I've just had to hand a sticky writing problem over to my subconscious and I am reminded of the two times just this summer when different colleagues have challenged the wisdom of just such a move. "You've got to be joking," they say, or "No one works that way." I do, and I know I'm not the only one.
Here's how it works: suppose I get stuck at a particular point in a writing project and no matter how I approach it, it just gets more muddled. Instead of continuing to beat my head against the wall, I walk away and leave the problem behind, focusing instead on something totally unrelated. Sleep is best, but a long walk in the woods or an encounter with a kitchen full of fresh vegetables will work just as well; the primary requirement is that whatever I'm doing must engage my full attention and have absolutely no relation to the writing project.
Then when I go back to the problem, what do I find?

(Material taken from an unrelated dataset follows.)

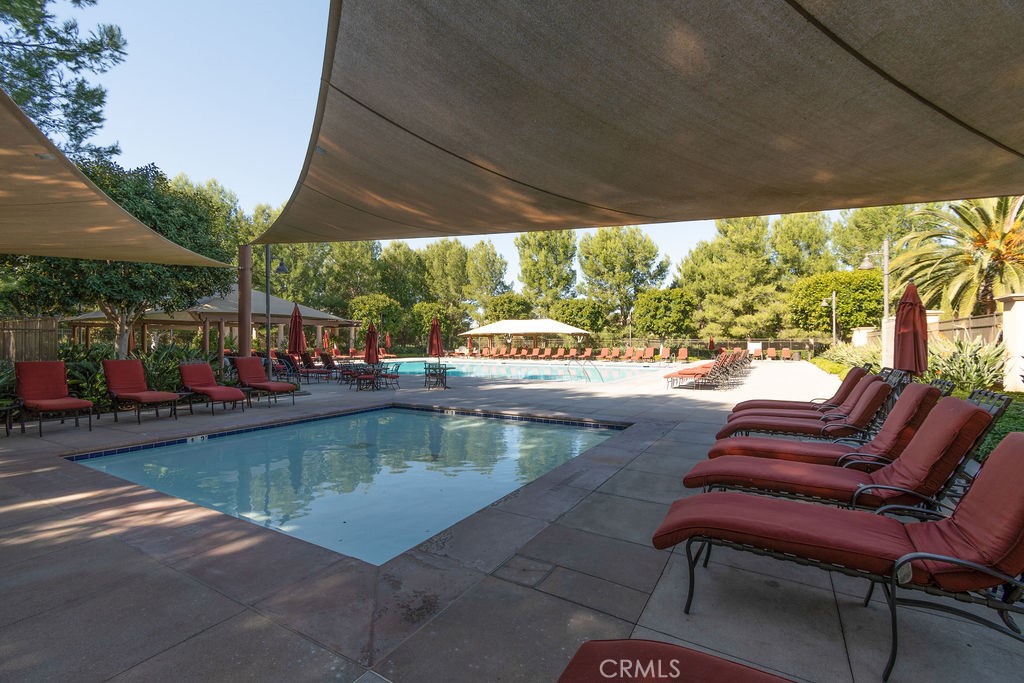 58 Cipresso Irvine, CA 92618 - Photo 28 of 34 a view of a swimming pool with a patio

The answer. I can't count the number of times I've handed a problem over to my subconscious only to wake up the next morning knowing the perfect way to fix it. If I could bottle this ability and put it on the open market, I'd be on my way to an exotic island paradise (preferably not located in Lake Erie). If I can do this, why not everyone else?
Maybe they've never tried. Maybe we need a series of periodic mandatory national drills in which workaholics will be confronted by armed enforcers hollering, "Put your hands in the air and walk away from the problem. Don't look back! Let it go! Now, take a few deep breaths and get into this scuba gear."
I know I'm dreaming. Not that that's a bad thing. Dreaming may be just what I need right about now, because when I wake up I expect to find an answer. How about you?
1 comment:
You're certainly not the only one that works that way. That's how my house got cleaned when I was working on my dissertation. I'd go and wash dishes or scrub a floor, and then when I got back my mind was much more fresh.
And I was able to get my dissertation written faster than some I know. I think the moral is to listen to yourself. You know how you work and, more importantly, when to leave it behind to percolate.